- **Work to be completed**
In the listing below, a line holding "Botijo de bronce" and a line holding "Cửa thép chống" mark the range. Retype both exactly, with all lines between them.

- **The input**
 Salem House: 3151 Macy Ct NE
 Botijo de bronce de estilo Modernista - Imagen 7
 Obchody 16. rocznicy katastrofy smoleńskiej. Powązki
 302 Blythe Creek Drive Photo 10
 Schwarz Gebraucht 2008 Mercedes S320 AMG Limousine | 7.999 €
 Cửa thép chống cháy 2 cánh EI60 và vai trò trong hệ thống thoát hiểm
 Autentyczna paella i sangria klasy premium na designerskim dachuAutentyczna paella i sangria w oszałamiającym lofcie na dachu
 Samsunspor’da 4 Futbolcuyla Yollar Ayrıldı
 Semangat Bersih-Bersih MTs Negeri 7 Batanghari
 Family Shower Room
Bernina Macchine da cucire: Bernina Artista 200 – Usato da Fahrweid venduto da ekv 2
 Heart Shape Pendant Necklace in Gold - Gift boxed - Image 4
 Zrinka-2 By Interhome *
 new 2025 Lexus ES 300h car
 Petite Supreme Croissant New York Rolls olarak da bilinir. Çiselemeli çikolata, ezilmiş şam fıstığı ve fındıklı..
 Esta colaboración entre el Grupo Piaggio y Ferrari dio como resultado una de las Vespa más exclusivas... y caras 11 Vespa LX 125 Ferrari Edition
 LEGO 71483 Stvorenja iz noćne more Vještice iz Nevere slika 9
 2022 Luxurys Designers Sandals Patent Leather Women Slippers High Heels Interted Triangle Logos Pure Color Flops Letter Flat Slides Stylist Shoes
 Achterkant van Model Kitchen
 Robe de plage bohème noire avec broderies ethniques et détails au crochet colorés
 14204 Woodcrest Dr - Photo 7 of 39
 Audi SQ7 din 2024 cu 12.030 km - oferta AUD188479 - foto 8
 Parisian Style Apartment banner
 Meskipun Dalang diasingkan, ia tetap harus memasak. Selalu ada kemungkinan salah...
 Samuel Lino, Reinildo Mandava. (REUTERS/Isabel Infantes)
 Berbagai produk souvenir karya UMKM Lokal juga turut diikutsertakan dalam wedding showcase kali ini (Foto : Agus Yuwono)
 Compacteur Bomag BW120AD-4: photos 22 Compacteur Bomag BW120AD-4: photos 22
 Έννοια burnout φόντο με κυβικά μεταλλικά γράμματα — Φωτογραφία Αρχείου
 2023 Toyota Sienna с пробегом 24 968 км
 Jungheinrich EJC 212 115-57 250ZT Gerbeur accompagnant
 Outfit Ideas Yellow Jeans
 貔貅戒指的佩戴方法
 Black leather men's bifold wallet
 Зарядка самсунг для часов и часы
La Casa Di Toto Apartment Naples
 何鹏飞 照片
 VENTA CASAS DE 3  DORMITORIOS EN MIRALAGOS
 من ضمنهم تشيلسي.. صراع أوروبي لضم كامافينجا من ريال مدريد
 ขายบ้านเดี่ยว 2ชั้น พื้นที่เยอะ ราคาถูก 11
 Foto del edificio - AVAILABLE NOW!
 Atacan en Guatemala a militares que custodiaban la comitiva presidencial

- **Task answer**
 Botijo de bronce de estilo Modernista - Imagen 7
 Obchody 16. rocznicy katastrofy smoleńskiej. Powązki
 302 Blythe Creek Drive Photo 10
 Schwarz Gebraucht 2008 Mercedes S320 AMG Limousine | 7.999 €
 Cửa thép chống cháy 2 cánh EI60 và vai trò trong hệ thống thoát hiểm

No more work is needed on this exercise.